My interest in observability in Google Cloud developed in large part in the context of working with GCP customers running workloads on GKE, and one of my very first posts here covered using Stackdriver for those workloads. The very first episode of Stack Doctor also went over what were at the time the “new” GKE monitoring capabilities. This was over two years ago, and there have been some great updates to those capabilities since then. I thought it was time to revisit Cloud Ops for GKE, have another look at the dashboards, and try out the new capabilities. Let’s dive in!
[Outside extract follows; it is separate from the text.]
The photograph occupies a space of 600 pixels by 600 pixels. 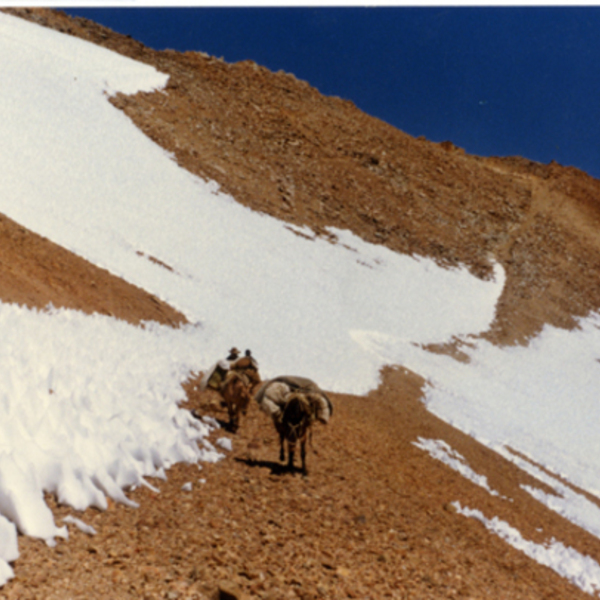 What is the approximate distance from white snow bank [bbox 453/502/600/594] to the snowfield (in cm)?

Right away, the new GKE monitoring dashboard looks very different from what we saw released at Kubecon in May of 2018. Instead of 3 tabs — infrastructure, workloads, and services — you now have lists of all the different entities in the workspace (which, as you may recall, can aggregate monitoring information from multiple projects). The first thing I thought of when I saw this was “Well, that’s great, but there is a default namespace in every cluster, how will I ever find what I need?” As it turns out — someone has already thought of that!
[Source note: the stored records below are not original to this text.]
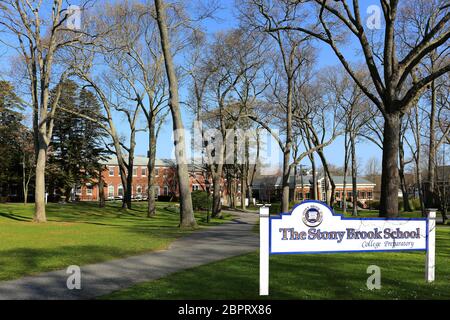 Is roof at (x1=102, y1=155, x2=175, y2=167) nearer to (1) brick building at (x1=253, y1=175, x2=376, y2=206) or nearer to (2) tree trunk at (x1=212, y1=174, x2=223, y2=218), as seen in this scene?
(1) brick building at (x1=253, y1=175, x2=376, y2=206)

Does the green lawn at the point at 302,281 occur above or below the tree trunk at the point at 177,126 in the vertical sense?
below

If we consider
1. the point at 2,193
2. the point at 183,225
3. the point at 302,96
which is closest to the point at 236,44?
the point at 302,96

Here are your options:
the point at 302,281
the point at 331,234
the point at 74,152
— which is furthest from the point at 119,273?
the point at 74,152

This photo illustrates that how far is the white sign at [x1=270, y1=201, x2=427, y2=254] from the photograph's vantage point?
25.9ft

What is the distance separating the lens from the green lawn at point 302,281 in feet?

There’s a really cool filtering feature that will actually help you to find exactly what you’re looking for. In this example, if you have a copy of the “frontend” service running in three different clusters — the filter lets you select the exact one you want. Once you apply the filter, the entire dashboard is filtered to match:
One of the things that’s been kind of hard to do in the past is to get an aggregated view of the data. For example, what does my resource utilization look like across my namespace? This new view makes it really easy to get this kind of aggregation — and it will scale no matter how many resources are being aggregated, even if you have thousands of pods across hundreds of namespaces. But if you do want to see all of those resources — you can click View All.
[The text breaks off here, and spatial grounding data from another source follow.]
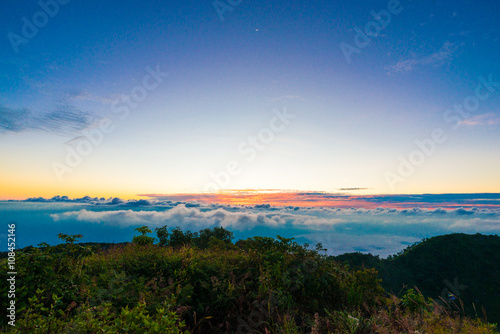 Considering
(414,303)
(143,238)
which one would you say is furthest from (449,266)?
(143,238)

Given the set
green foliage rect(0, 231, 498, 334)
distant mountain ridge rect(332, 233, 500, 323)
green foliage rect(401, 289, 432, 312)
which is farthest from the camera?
distant mountain ridge rect(332, 233, 500, 323)

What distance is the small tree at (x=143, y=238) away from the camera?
31.2 feet

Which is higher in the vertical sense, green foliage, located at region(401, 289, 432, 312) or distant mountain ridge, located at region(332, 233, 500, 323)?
green foliage, located at region(401, 289, 432, 312)

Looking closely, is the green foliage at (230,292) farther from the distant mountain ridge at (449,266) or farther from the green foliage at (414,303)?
the distant mountain ridge at (449,266)

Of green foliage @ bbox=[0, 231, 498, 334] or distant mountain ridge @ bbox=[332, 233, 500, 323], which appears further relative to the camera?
distant mountain ridge @ bbox=[332, 233, 500, 323]

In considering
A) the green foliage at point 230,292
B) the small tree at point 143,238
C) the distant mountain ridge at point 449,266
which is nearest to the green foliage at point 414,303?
the green foliage at point 230,292

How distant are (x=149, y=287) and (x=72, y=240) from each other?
7.83 ft

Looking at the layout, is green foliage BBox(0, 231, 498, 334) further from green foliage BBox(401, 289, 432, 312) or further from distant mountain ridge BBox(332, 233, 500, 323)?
distant mountain ridge BBox(332, 233, 500, 323)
That will let you see all of the entities in that category. If that list is too overwhelming — you can filter from here, too!
You can still select a row in the table to get its details. For example, you can see metrics for a pod by clicking on it, which opens the details panel:
From there, click on the Logs tab to get the logs for the pod:
If needed — you can filter logs by severity:
Click the Open in Logging button:
That opens the (new!) Logs Viewer with the query to get those logs pre-populated and executed:
One other thing I really like is that you can easily create an Alerting Policy from the Metrics tab of the details screen:
If you’ve been following me for a while, you probably know that I don’t necessarily think it’s a good idea to alert on these kinds of infrastructure metrics, but I can absolutely envision a use case where you might need to know about, for example, hitting memory limits or something like that.
I’m really happy to see the team make great progress on this experience in the last two years, and I really like where this is going. Next time, I want to approach this from a different angle by forcing an alert/incident and seeing how useful it’s going to be for troubleshooting.
Thanks for reading, and stay healthy out there!